I loved Small Spaces, Katherine Arden’s first foray into children’s horror, and so I jumped right into its sequel, Dead Voices (2019). A few months have passed since Ollie, Coco, and Brian outsmarted the Smiling Man who wanted to turn them, and all their classmates, into scarecrows. The ordeal left them with recurring nightmares, but also made them best friends. It’s December now, and Ollie’s dad has won a stay at Mount Hemlock, the new ski lodge a few hours outside of town. He’s taking all three kids, along with Coco’s mom.
I didn’t fall in love as immediately this time, and I think I’ve distilled that down to two reasons. One is that, from an adult perspective, it seemed out of character for Ollie’s dad to endanger the kids by driving in a blizzard. The other is that I’m greedy, and Arden’s writing is lovely, and I wanted to read her description of the snow in quiet beauty before it became a threat instead. So for both of these reasons, I kind of wanted the storm to hold off until the characters reached the lodge. At the same time, though, I understand the narrative logic of keeping most of the other guests from showing up.
The group reaches the lodge safely, but their troubles are just beginning. The power is out, and soon the heating begins to fail too. The only other guest there is Don Voland, a writer for a paranormal magazine; the rest were kept away by the snowstorm. Creepy taxidermied animals fill the lobby, and seem to move when no one is looking. On the family front, Coco’s mom and Ollie’s dad appear to be falling in love, and now both girls have to figure out how they feel about that.
Oh, and the lodge is haunted, having been the site of a cruel orphanage and of another, more recent tragedy. Ollie’s watch just reads “BEWARE.” Voland, an expert on ghosts, tells the kids there’s nothing to worry about, but after a brief investigation, even he gets freaked out. The villain separates the kids from each other, and they must find a way to communicate and work together if they want to avoid joining the ghosts of Mount Hemlock … permanently.
While Small Spaces was written from Ollie’s point of view, Dead Voices alternates between her perspective and Coco’s. Coco gets some great moments to shine here, as she goes up against the villain with only her wits as a weapon — that, and people’s tendency to underestimate her because she’s short and looks younger than her age. Brian is somewhat sidelined this time; Arden is planning a four-book series, so I imagine the next installment will expand upon him as Dead Voices expands upon Coco.
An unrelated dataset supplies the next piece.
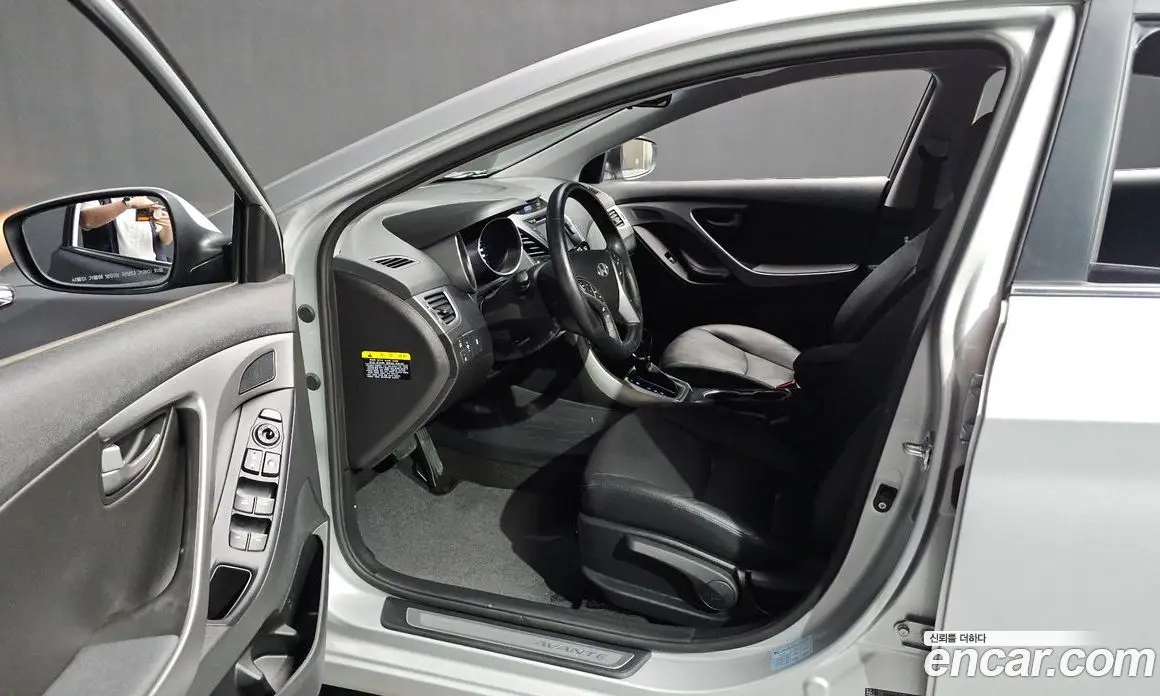 Hyundai Avante 2015 1.6 автомат (гидро), фото 13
As in Small Spaces, what really elevates this over an average horror story is the emotional content, particularly the affection between the three friends, and between the kids and their parents. This gives the villain a lot of levers to pull, of course. There’s a scene late in the book in which Coco is talking to Ollie’s watch (this makes sense in context) and they both think all is lost, and my heart just broke for everyone in that moment.
The kids’ determination and ingenuity, the creepiness, and Arden’s evocative writing continue to impress. I may not be the target audience, but I’m hooked on this series. I’d follow Ollie, Brian, and Coco anywhere.